▸ **Task item**: Print the whole listing below exactly, skipping every picture.

▸ **Records for this exercise**:
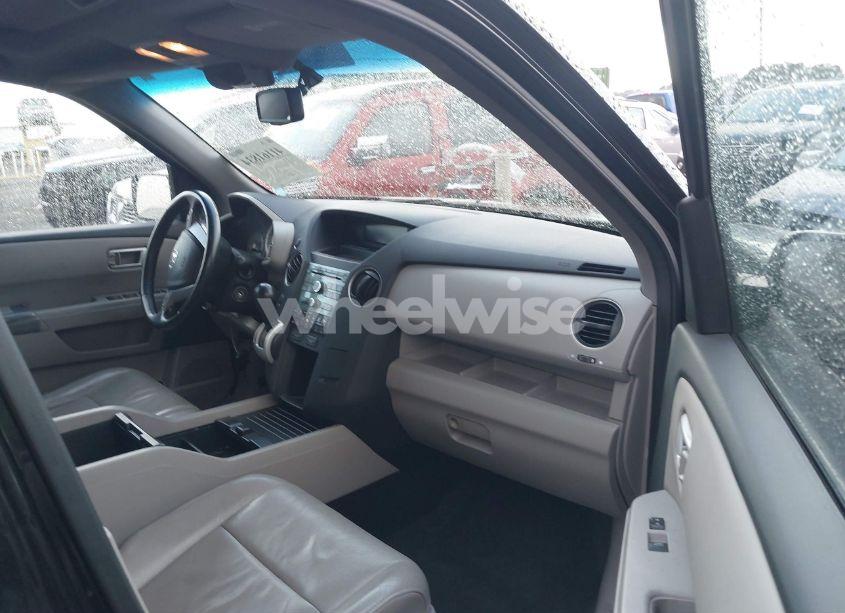 Photo 5 of 2011 Honda Pilot EX-L (VIN 5FNYF4H50BB062544)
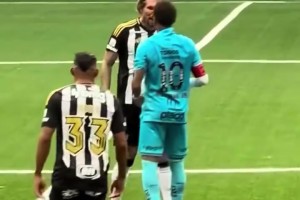 內(nèi)馬爾被惡意拉拽后怒了，與對(duì)手對(duì)噴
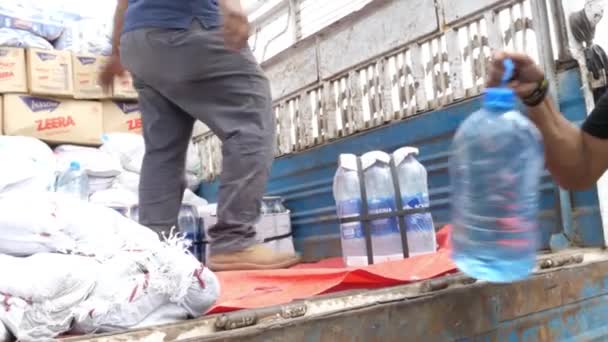 Volontario Del Camion Che Distribuisce Pacco Acqua Provviste Alle Vittime — Video Stock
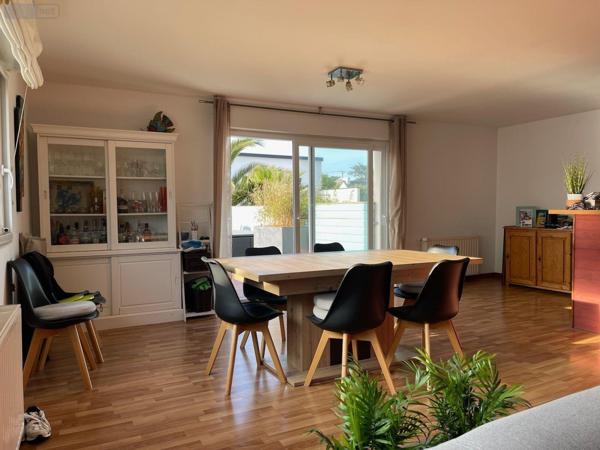 Maison à vendre à Trégastel dans les Côtes-d'Armor (22730), ref : 420   
Centre-ville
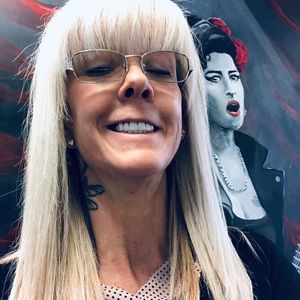 Meet your Posher, Jane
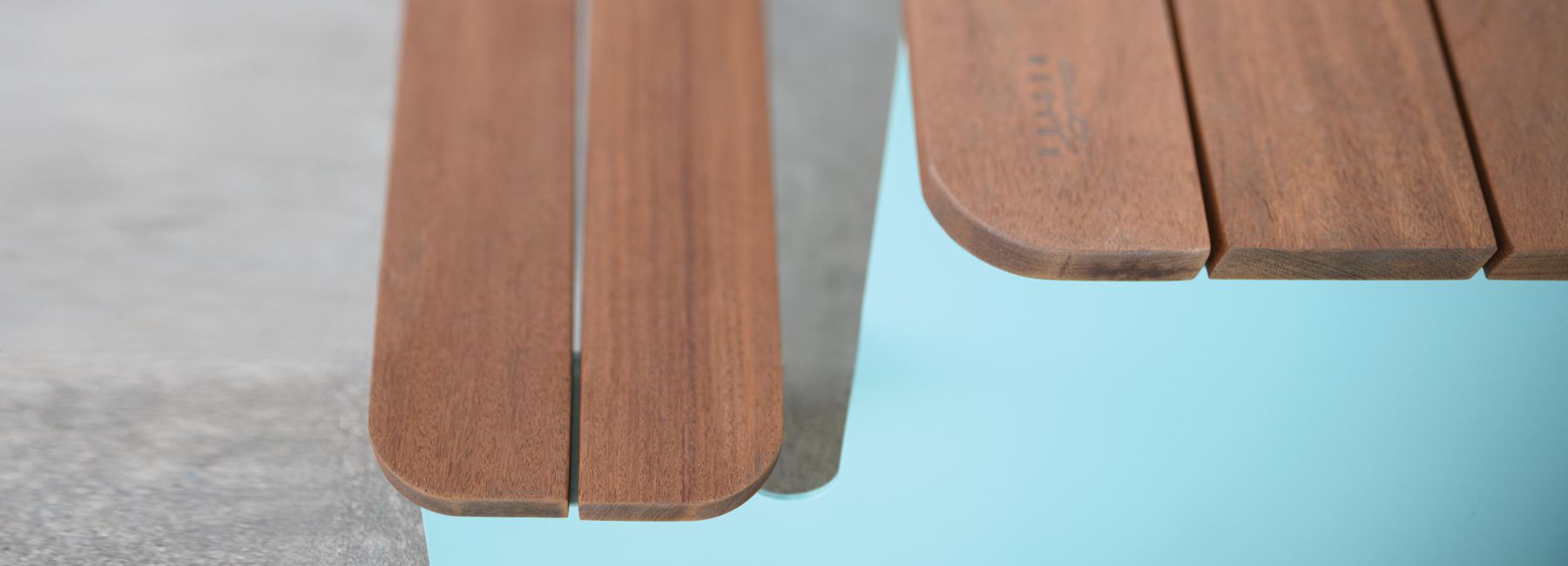 Wave Picnic Table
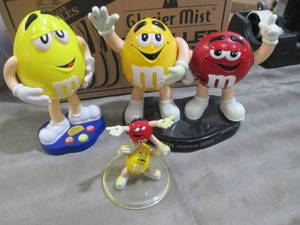 lot 433 image: M&M Collectables...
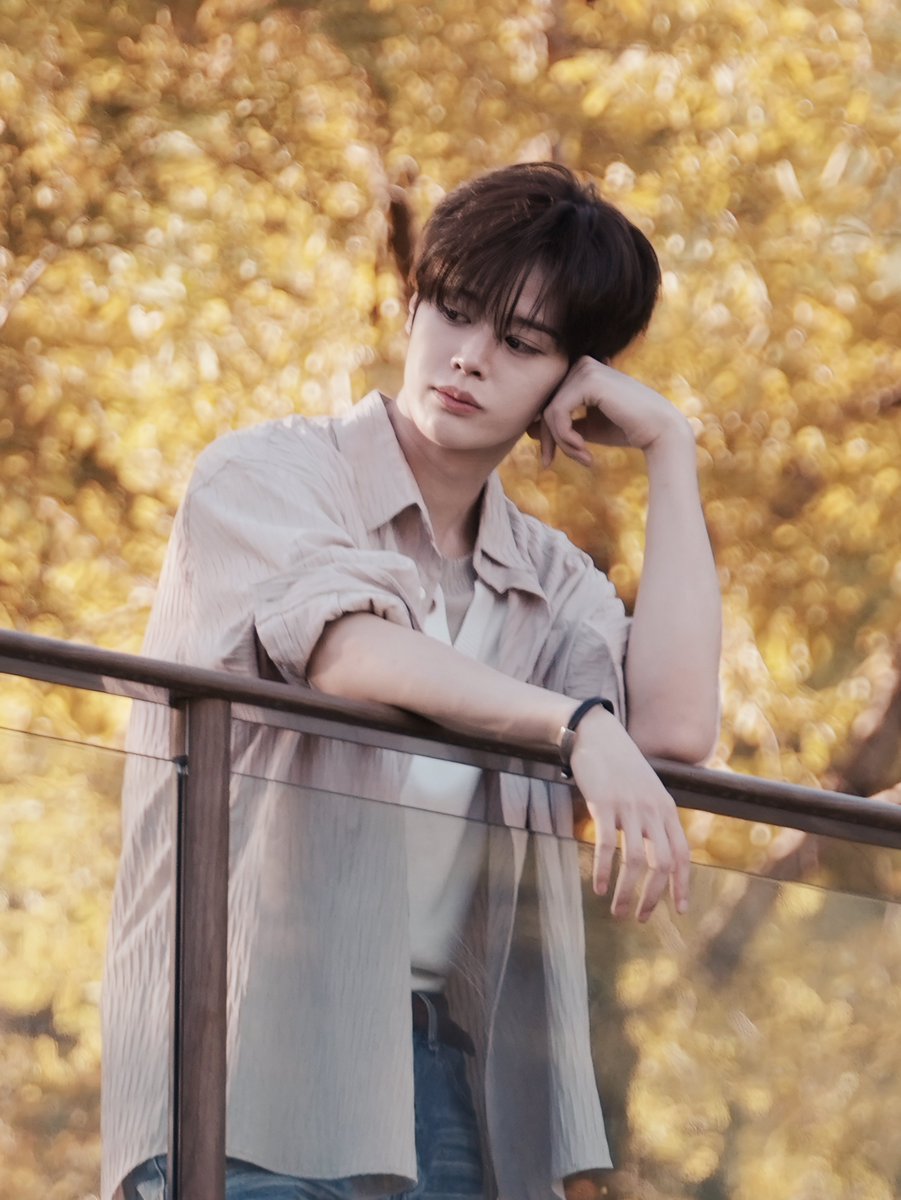 keepgoin04's tweet photo. 261002 에버랜드 버스킹
가을가을🍁🍂

#CLOSEYOUREYES #마징시앙  #MAJINGXIANG #马靖翔 #클로즈유어아이즈 #클유아 #CYE https://t.co/TTnJEGX3VE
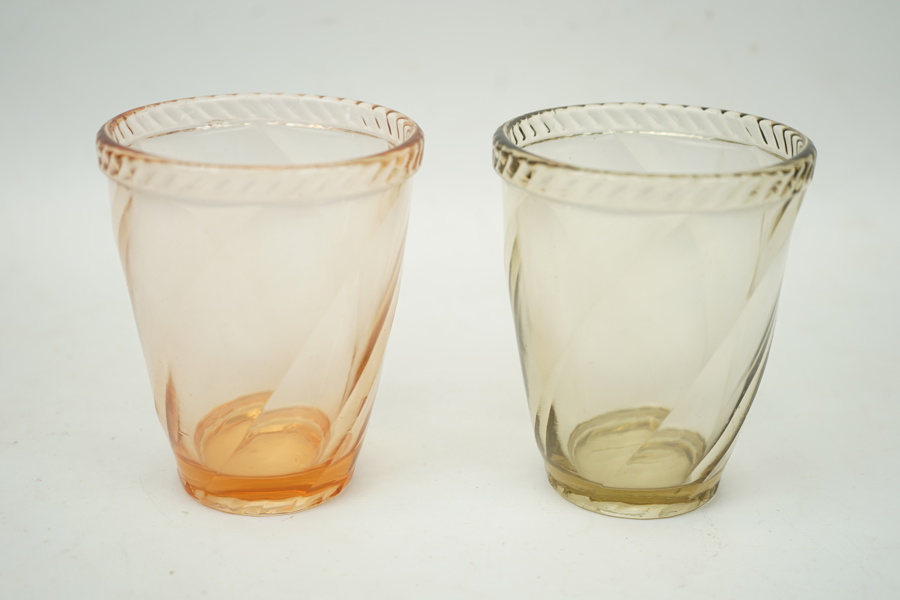 Edwin Ollers, vaser, 2 st, glas, 1937.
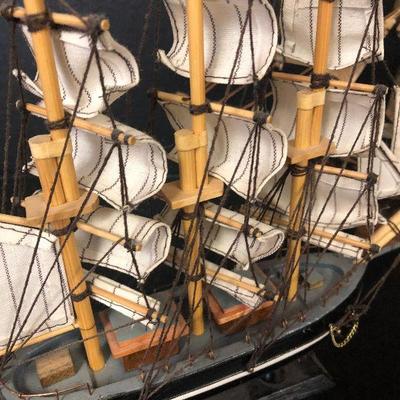 F25: Vintage Wood Ship Models Cutty Shark & Cape Cod
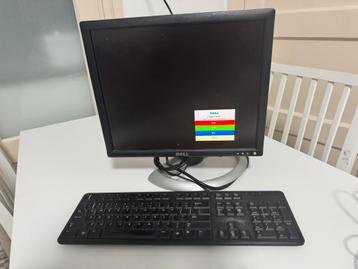 Vintage DELL monitor en DELL muis beschikbaar voor biedingen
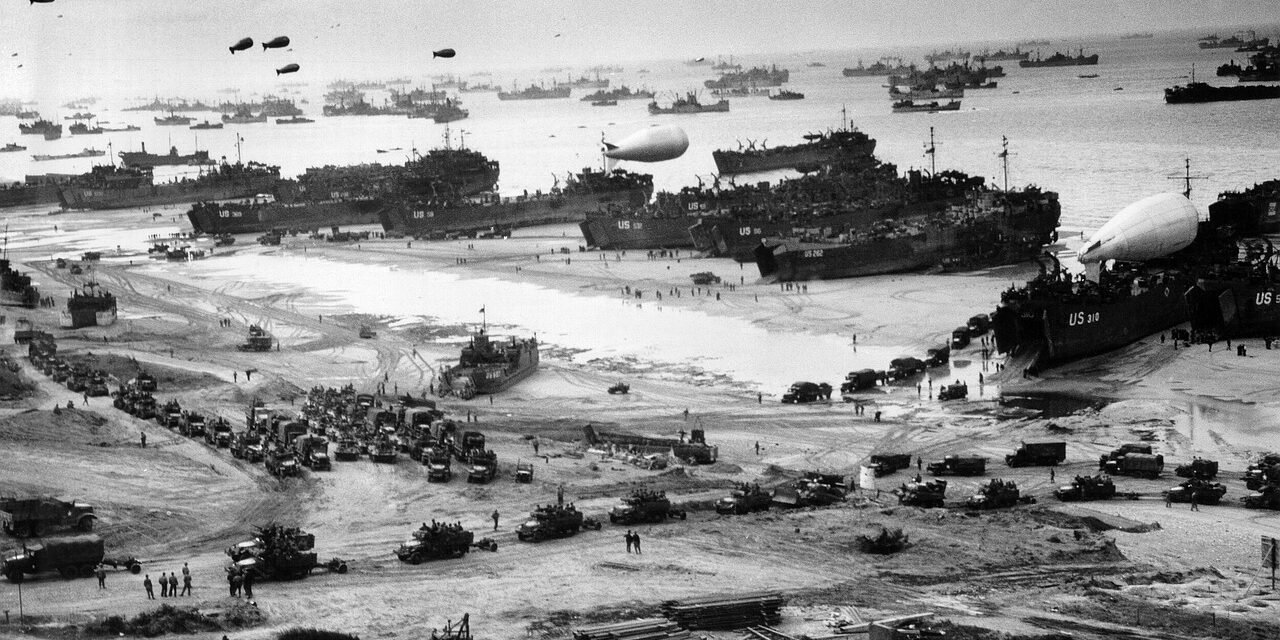 The Wooden Warriors: How Shipping Pallets Revolutionized WWII Logistics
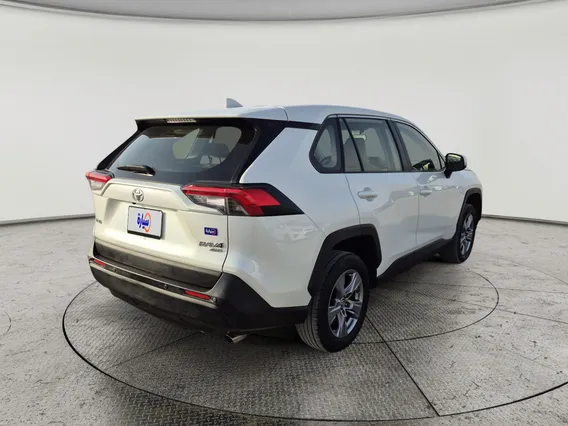 Toyota RAV4 LE 2022 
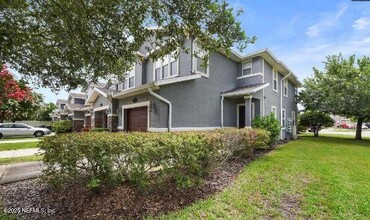 2307 Sunset Bluff Dr, Unit 400 in Jacksonville, FL - Building Photo - Building Photo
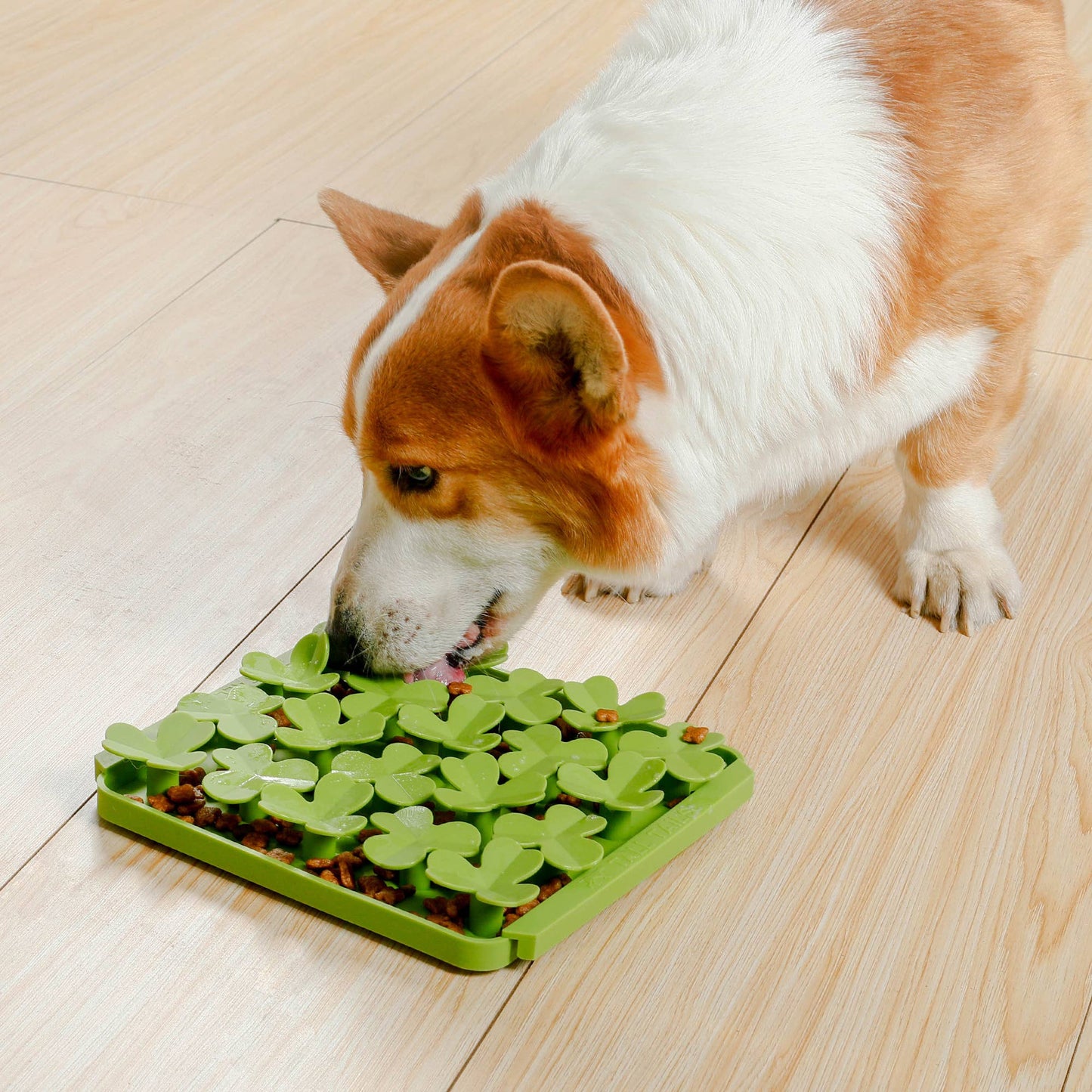 Tall Tails - Clover Foraging Mat for Dogs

▸ **Response to this exercise**:
 Photo 5 of 2011 Honda Pilot EX-L (VIN 5FNYF4H50BB062544)
 內(nèi)馬爾被惡意拉拽后怒了，與對(duì)手對(duì)噴
 Volontario Del Camion Che Distribuisce Pacco Acqua Provviste Alle Vittime — Video Stock
 Maison à vendre à Trégastel dans les Côtes-d'Armor (22730), ref : 420   
Centre-ville
 Meet your Posher, Jane
 Wave Picnic Table
 lot 433 image: M&M Collectables...
 keepgoin04's tweet photo. 261002 에버랜드 버스킹
가을가을🍁🍂

#CLOSEYOUREYES #마징시앙  #MAJINGXIANG #马靖翔 #클로즈유어아이즈 #클유아 #CYE https://t.co/TTnJEGX3VE
 Edwin Ollers, vaser, 2 st, glas, 1937.
 F25: Vintage Wood Ship Models Cutty Shark & Cape Cod
 Vintage DELL monitor en DELL muis beschikbaar voor biedingen
 The Wooden Warriors: How Shipping Pallets Revolutionized WWII Logistics
 Toyota RAV4 LE 2022 
 2307 Sunset Bluff Dr, Unit 400 in Jacksonville, FL - Building Photo - Building Photo
 Tall Tails - Clover Foraging Mat for Dogs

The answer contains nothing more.